Oneota, or The Red Race of America . . .

ONETA, OR THE RED RACE OF AMERICA: their History, Traditions, Customs, Poetry, Picture-writing, &c. in Extracts from Notes, Journals and other unpublished Writings. By HENRY R. SCHOOLCRAFT. New-York, published by Burgess, Stringer & Co. 1844.

  Now that the Red Race have well nigh melted from our sight, relentings and regret arise that they had not been more prized, at least as an object of study. With the primitive features of the landscape this primitive aspect of human nature was indissolubly united; before the advance of the white settler both vanish, almost with the rapidity of thought, and soon will be but a memory, yet we should wish that memory to be faithful for there was a grandeur in that landscape, and in the figures that animated it, in itself too poetic, to be misused as theme or suggestion for mere fancy pictures.

  Mr. Schoolcraft possesses unusual pretensions to this rare merit of fidelity.
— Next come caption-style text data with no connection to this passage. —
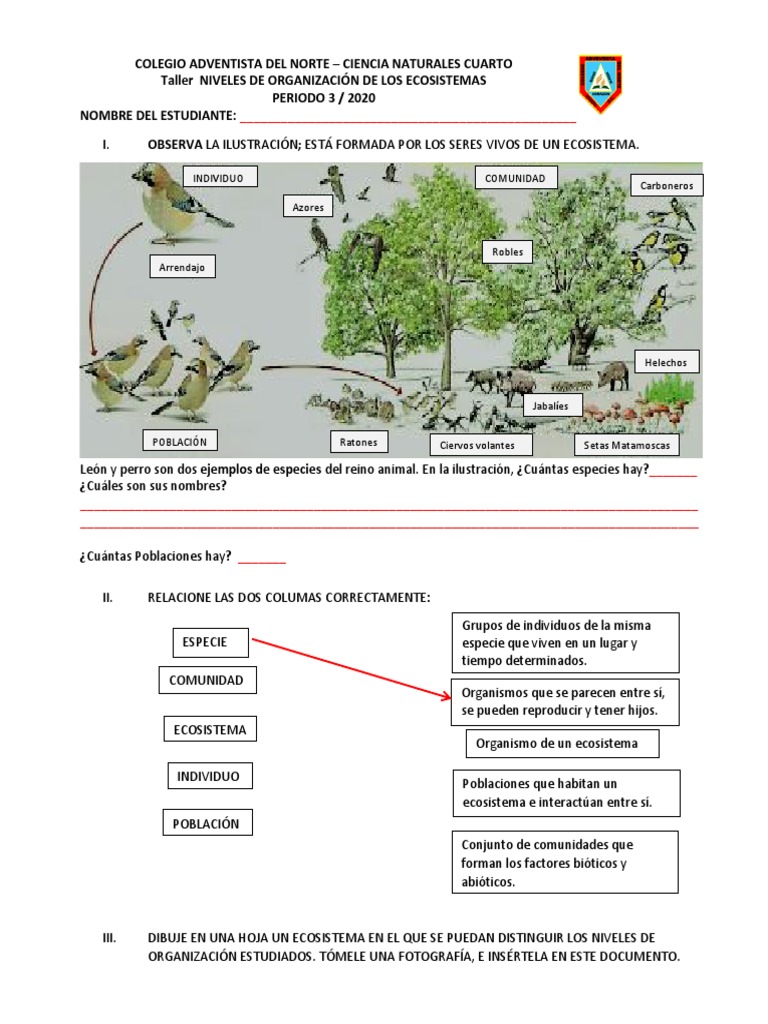 Taller NIVELES DE ORGANIZACIÓN DE LOS ECOSISTEMAS | PDF | Ecosistema ...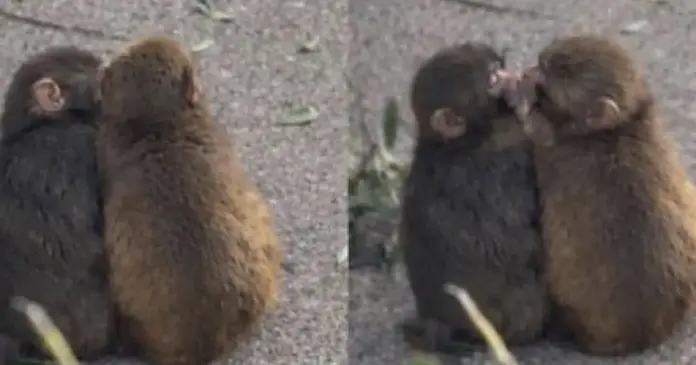 punch el macaco y su novia Punch ya no es solo el macaco del peluche. Ahora, es también el protagonista de una evolución que muchos celebran: dejar atrás la soledad… y encontrar compañía.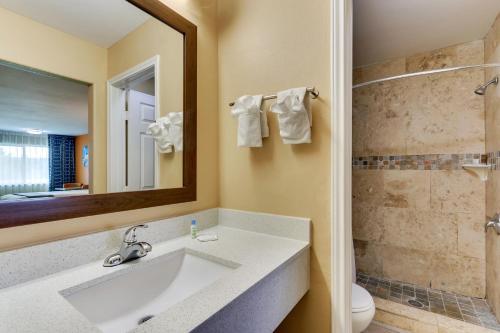 阿兰瑟斯港首领总部旅馆的一间带水槽、卫生间和镜子的浴室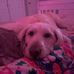 Peyton Catey - Facebook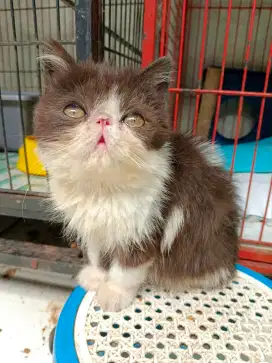Kitten persia jantan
His long and intimate connexion with the race, and the knowledge possessed by his wife and her family of the people from whom they were descended on the mother’s side, combined with a power of examining materials from the European point of view, have brought into his possession a large stock of valuable and well-prepared materials. We hope the public will, by a ready sympathy, encourage him to devote himself to arranging them all for general use.

  Mr. Schoolcraft gives the following account of the prejudices which he shares with most of our people, the hatred of the injurer for the injured.
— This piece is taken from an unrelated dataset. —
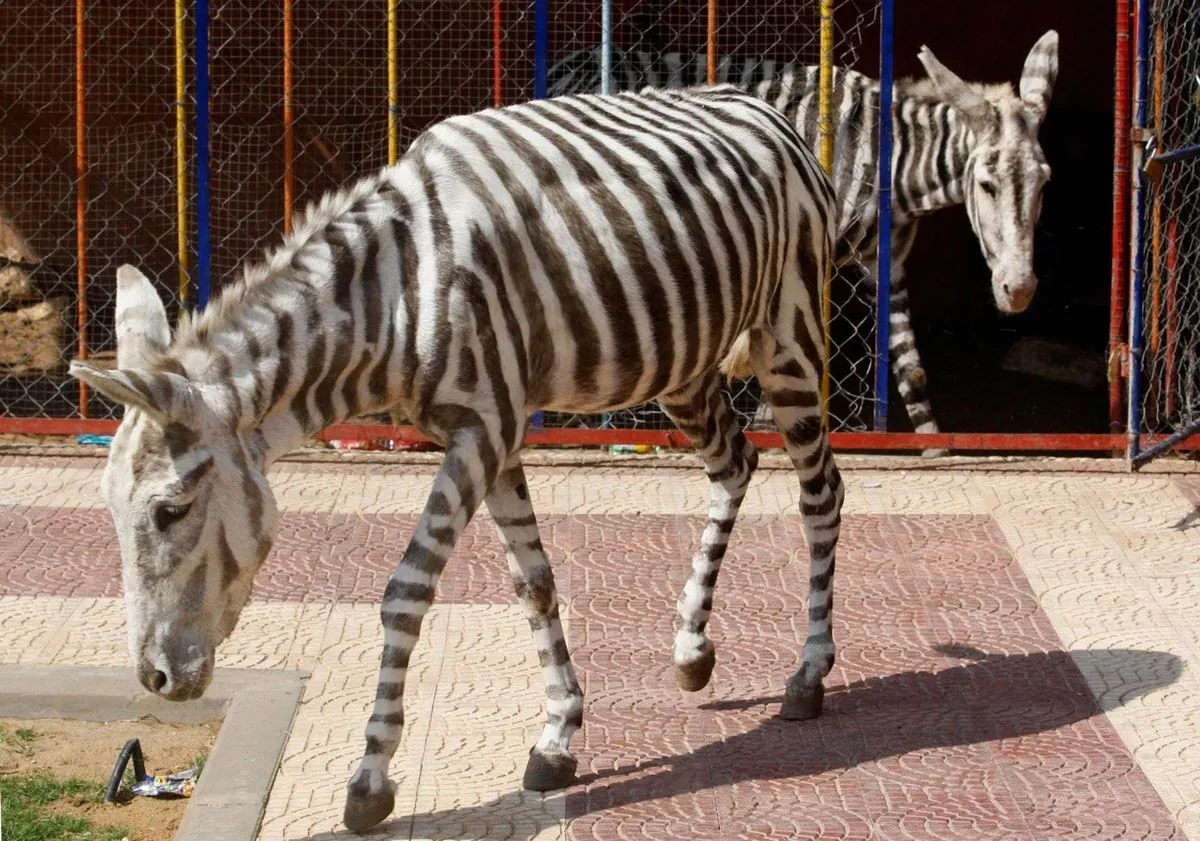 Chinese zoo “created” zebras from donkeys in an attempt to attract people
  “My earliest impressions of the Indian race were drawn from fireside rehearsals of incidents which had happened during the perilous times of the American Revolution, in which my father was a zealous actor, and were all inseparably connected with the fearful ideas of the Indian yell, the tomahawk, the scalping knife, and the fire-brand. In these recitals the Indian was depicted as the very impersonation of evil—a sort of wild demon, who delighted in nothing so much as blood and murder. Whether he had mind, was governed by any reasons, or even had any soul, nobody inquired, and nobody cared. It was always represented as a meritorious act in old Revolutionary reminiscences, to have killed one of them in the border wars, and thus aided in ridding the land of a cruel and unnatural race, in whom all feelings of pity, justice, and mercy were supposed to be obliterated. These early ideas were sustained by printed narratives of captivity and hair-breadth escapes of men and women from their clutches, which, from time to time, fell into my hands, so that, long before I was ten years old, I had a most definite and terrific idea impressed on my imagination of what was sometimes called in my native precincts ‘the bow and arrow race.’”

  Although he knew in his ‘native precincts’ a few Indians, whose gentle and peaceable conduct, when undisturbed by aggression, might have dispelled such prejudices, he says they did not yield till he saw the Red man in large masses, in their own place, and their own life. After such acquaintance he says:

  “The Indians, viewed as a distinct branch of the human race, have some peculiar traits and institutions, from which their history and character may be advantageously studied. They hold some opinions, which are not easily discovered by a stranger or a foreigner, but which yet exert a powerful influence on their life and conduct. There is a subtlety in some of their modes of thought and belief, on life and the existence of spiritual and creative power, which would seem to have been eliminated from some intellectual crucible, without the limits of their present sphere. Yet, there is much relative to all the common concerns of life, which is peculiar to it. The author has witnessed many practices and observances, such as travelers have often noticed, but, like others, attributed them to accident, or some cause different from the true one. By degrees, he has been admitted into their opinions, and, if we may so call it, the philosophy of their minds; and the life of an Indian no longer appears to him a mystery.”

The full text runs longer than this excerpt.